- [Data provided]

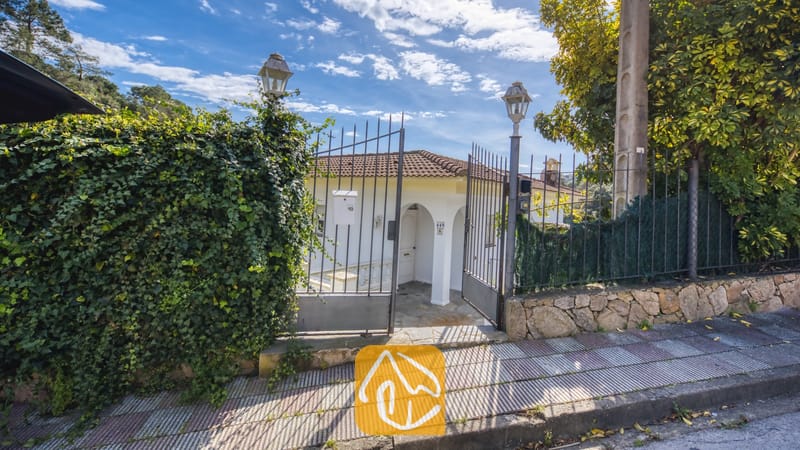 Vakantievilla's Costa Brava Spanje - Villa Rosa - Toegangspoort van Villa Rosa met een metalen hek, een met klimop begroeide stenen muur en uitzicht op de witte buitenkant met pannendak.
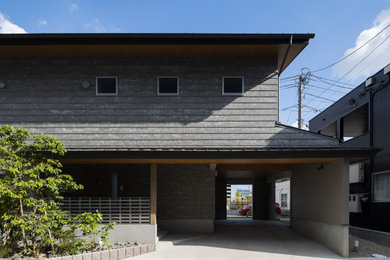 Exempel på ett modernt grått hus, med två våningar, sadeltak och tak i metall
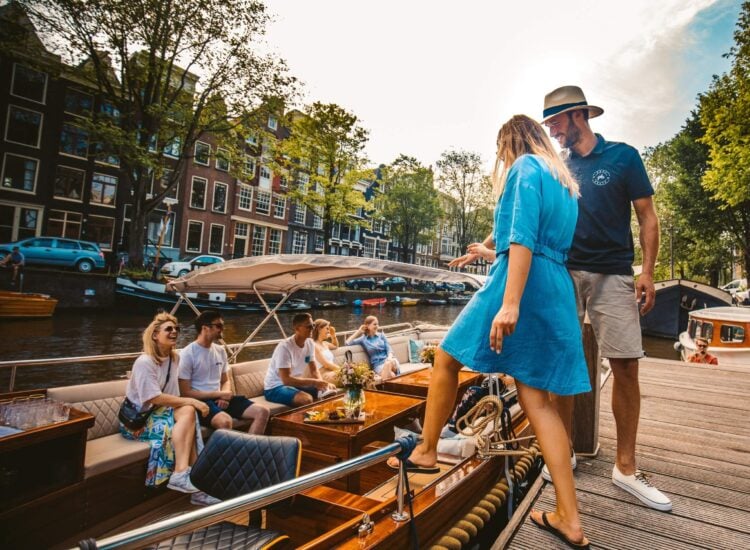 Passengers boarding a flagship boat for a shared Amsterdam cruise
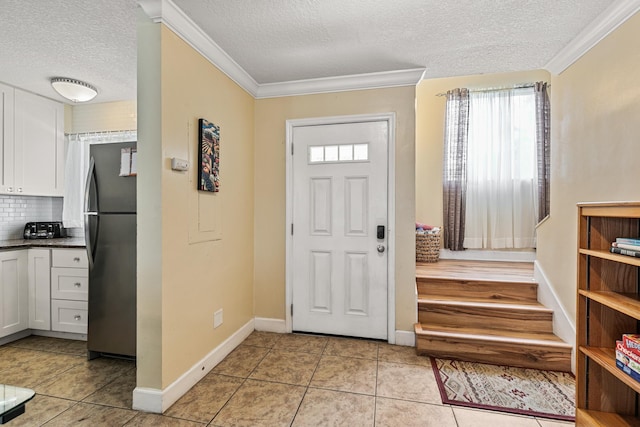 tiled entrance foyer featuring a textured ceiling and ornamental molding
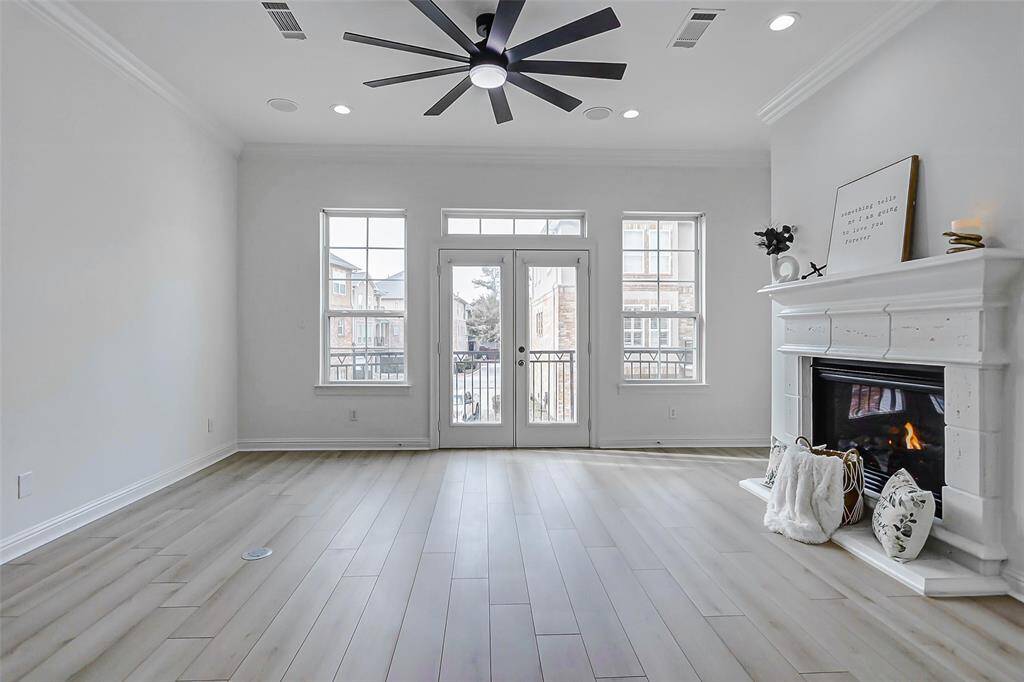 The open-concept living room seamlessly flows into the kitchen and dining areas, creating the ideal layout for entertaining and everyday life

* * *

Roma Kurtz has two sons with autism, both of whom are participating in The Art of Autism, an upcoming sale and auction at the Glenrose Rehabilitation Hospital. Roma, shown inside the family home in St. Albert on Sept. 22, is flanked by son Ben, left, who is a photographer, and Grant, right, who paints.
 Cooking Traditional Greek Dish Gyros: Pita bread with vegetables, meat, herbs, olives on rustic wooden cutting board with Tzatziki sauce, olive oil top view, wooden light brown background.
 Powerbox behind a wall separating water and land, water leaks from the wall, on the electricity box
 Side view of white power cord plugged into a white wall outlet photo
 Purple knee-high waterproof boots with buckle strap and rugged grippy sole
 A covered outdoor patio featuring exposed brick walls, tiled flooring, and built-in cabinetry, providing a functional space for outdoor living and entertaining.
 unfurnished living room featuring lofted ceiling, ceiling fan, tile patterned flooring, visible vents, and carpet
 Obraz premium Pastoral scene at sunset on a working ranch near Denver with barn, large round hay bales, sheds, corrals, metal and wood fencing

- [Exercise directions] Only one stretch of the material above is wanted: the line containing "tiled entrance foyer" through the line containing "The open-concept living". Restate it word for word, minus the pictures.

- [Answer section]
 tiled entrance foyer featuring a textured ceiling and ornamental molding
 The open-concept living room seamlessly flows into the kitchen and dining areas, creating the ideal layout for entertaining and everyday life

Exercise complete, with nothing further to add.